Food and water is, surprise surprise, morbidly expensive on the plane. Try to buy before you get on. Even better, bring a packed lunch. When I flew home from a recent long weekend in London my friend made me a lovely cheese, tomato and watercress sandwich and I felt every smug. The person next to me had to pay £5 for a chicken caesar sandwich that clearly never even been shown a picture of a chicken. If you can’t or don’t want to buy beforehand then you might want to starve on Ryanair, but most other airlines have decent enough food for the price if you are desperate. It’s just still more expensive than on the ground.

8.     Don’t respond to the trumpeting announcement that you have landed ‘on yet another on time Ryanair flight’ (this is an exclusive feature to Ryanair).

You just encourage them. They think it’s funny and it isn’t. Hopefully if we stop laughing at it then the jolly Irishman will stop saying it.

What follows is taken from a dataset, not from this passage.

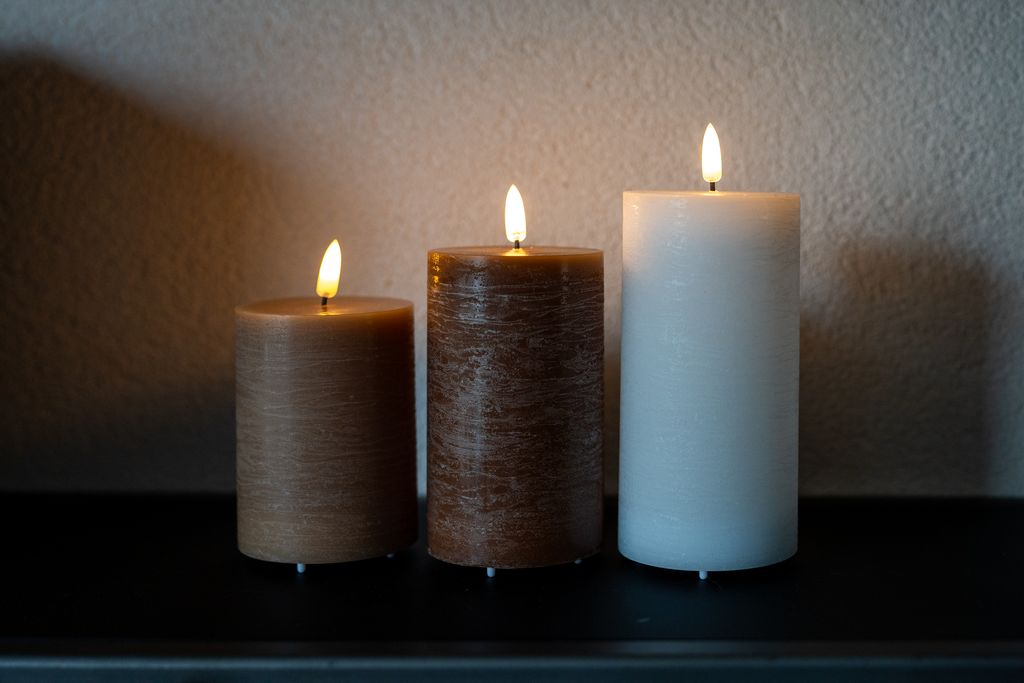 FlinQ - Ensemble de 3 bougies LED rechargeables à flamme vacillante - Télécommande incluse - Nuits urbaines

9.     Bring ear plugs or ear phones.

If you fancy getting some shut eye then these are a necessity no matter what cheap airline you take. Airlines believe that since they have you trapped in a confined space, they have to throw as many adverts at you as possible.

On an average Ryanair flight you can expect to hear; an advert telling you to buy a J20; an advert promptly taking a U-turn in encouraging you to buy some energy drink; an announcement that you are not allowed to smoke on the plane but never fear because Ryanair smell smokeless cigarettes (I have yet to see anyone buy a pack of these. If you can’t go two hours without smoking a pack of cigarettes then you have a serious problem); then an announcement about Ryanair charity scratch cards; an advert for The Times and Hello magazine being sold on the flight; an announcement listing every perfume on the duty free trolley; and finally after you touch down, a quick reminder that Hertz are Ryanair’s car rental partner.

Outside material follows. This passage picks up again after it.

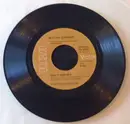 7'' - Waylon Jennings - Can't You See / I'll Go Back To Her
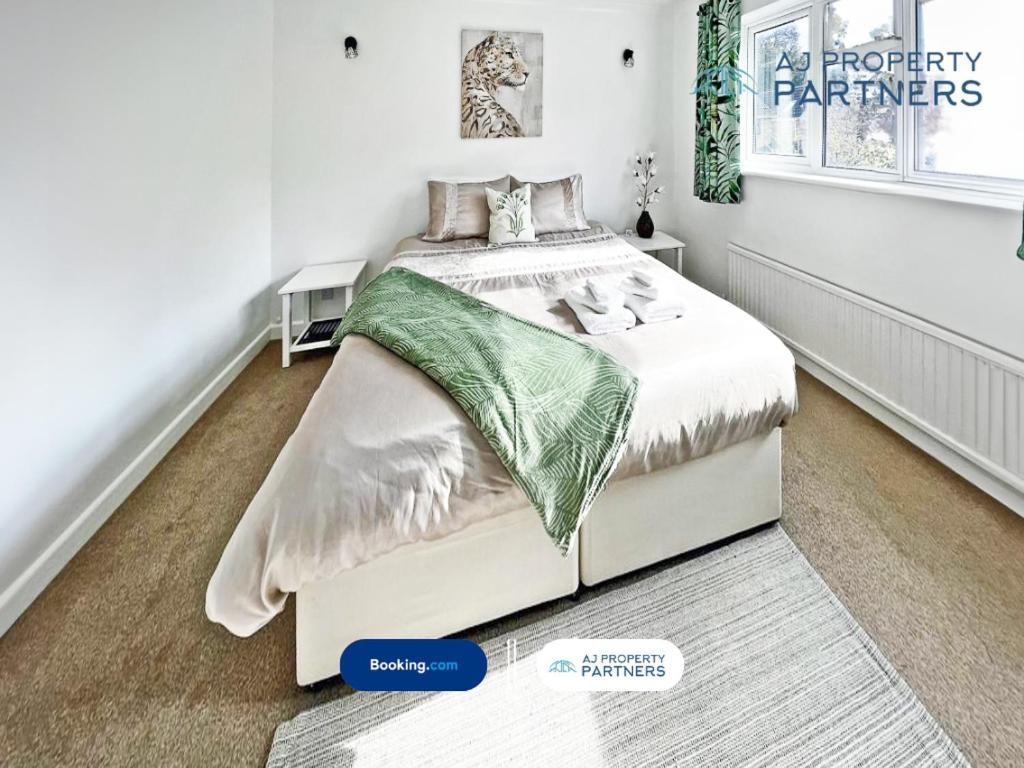 Premium Deal L Hill View Home L Last-Minute Offer L Cheltenham L Aj Properties L Perfect For Short Or Long Stays L 4Beds 4Bedrooms Buitenkant foto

If you read all of those and don’t fancy hearing them first hand on the plane, then get those ear plugs in the minute you get on board. Other flights do this as well. I remember waking up with a shock thinking some emergency announcement was being made on an EasyJet flight from Munich to London. It turned out that it was to let me know what was on the duty free trolley. I was not happy, as I couldn’t go back to sleep and had to spend the rest of the journey staring at the bright orange seat in front of me wishing I was somewhere else.

There are so many other ways you can cope with a European low cost airline, and the only way you will find what works for you is by having the experience first hand. But I hope I have helped to prepare you in some way.

Now go forth, young Skywalker, and learn to enjoy low cost air travel again. And don’t blame me if anything unfortunate befalls you despite or because of this advice; after all you are taking it from a complete stranger on the internet.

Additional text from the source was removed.